The Kernel Density Estimation of destinations and routes was extracted by masking with road and building maps (Figure 3). The analysis revealed a high-density area on the east side of the study area, indicating consistent travel preferences among SSWS. The paths and destination choices of participants overlapped and intersected at common places.
Figure 3. The Kernel density estimation results (Chongqing, China. 2024).
The walking distance encompasses the distance covered when moving back and forth within a given area. By examining the network distance between the origin and destination of a trajectory, we can determine the extent of life-space mobility for SSWS. For single-destination trips, the range is determined by the network distance between the origin and destination, whereas for multi-destination trips, the range is calculated based on the network distance between the origin and the furthest destination. The results indicate that out of 36 participants, 32 moved within 400 m of their homes (see Supplementary Appendix A). Notably, one participant with the shortest travel distance moved only from their home to the building setback along the street, emphasizing that this setback provided the participant with an opportunity for social interaction.
I got jaundice, and my vision is impaired. I’m afraid to go too far alone because I might bump into someone... I can go down to the square, and I enjoy watching people play cards there. (Participant 16)
Thematic Analysis
During the go-along interviews, participants discussed environmental factors in their neighborhoods affecting their mobility and walking experiences. Only factors mentioned by two or more participants were included. Eight categories of environmental factors were identified. Table 2 illustrates the percentages of participants who discussed each environmental factor.
Table 2. Percentages of participants that discussed an environmental category (Chongqing, China. 2024).
Topographical Features
The research area features undulating topography, with height differences primarily connected by stairs ranging from 2 to over 20 steps. While steps do not entirely hinder SSWS from moving around, more than half of the participants (54.5%) who talked about topographical features consider them the primary barrier to their mobility. They expressed feelings of depression and frustration when confronted with lengthy stairs. Few participants (N = 3) reported breathlessness when climbing such stairs. Additionally, one participant recounted a personal experience of falling on a long stair, highlighting the challenges they face in navigating such obstacles.
Observations indicated that certain connections have both steps and ramps, with ramps not always chosen over stairs, which is consistent with the findings of Wolfinbarger and Shehab [44]. Two participants expressed that walking on ramps was a more challenging experience than using stairs, especially on steep slopes. Users of assistive devices reported that ramps could pose additional difficulties during descent, particularly in terms of balance and tipping.
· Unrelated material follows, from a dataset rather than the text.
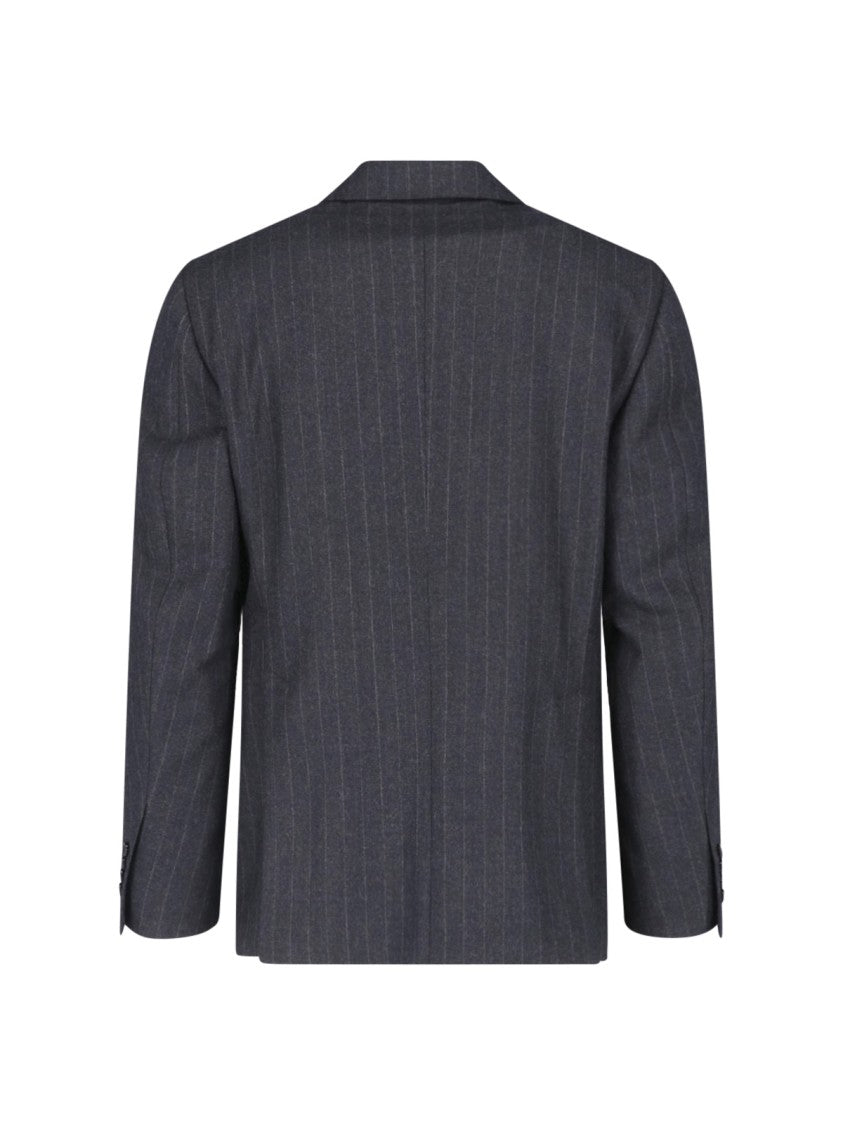 Lardini Double-Breasted Virgin Wool Suit With Pinstripe Design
In addition, one participant mentioned that taking a longer route to avoid stairs could potentially increase the burden of walking.
To go from my home to the wet market, if I take the slope (to avoid stairs), I would have to take a much longer route, which would require more physical effort and more time. I would prefer the stairs. (Participant 28)
Some participants (38.9%) emphasized the importance of feeling safer when using handrails to navigate stairs or walk on ramps. Even if they did not necessarily require handrails, they reported that their presence instilled a sense of security. However, participants also expressed grievances about the frequent unavailability of handrails due to absence, dirtiness, or improper installation.
Neighborhood Services
Among the three types of neighborhood services, participants primarily discussed daily facilities and public spaces. Public transportation was rarely mentioned, with only two individuals discussing it, suggesting that those with slow walking speeds utilize public transportation less frequently. The wet market and supermarket were the most commonly mentioned daily facilities. Overall, participants spoke highly of the accessibility of daily facilities, conveniently located within walking distance. However, participants expressed concerns about the environment, citing issues such as slippery floors, sewage overflow, and goods blocking pathways, significantly increasing the risk of falling.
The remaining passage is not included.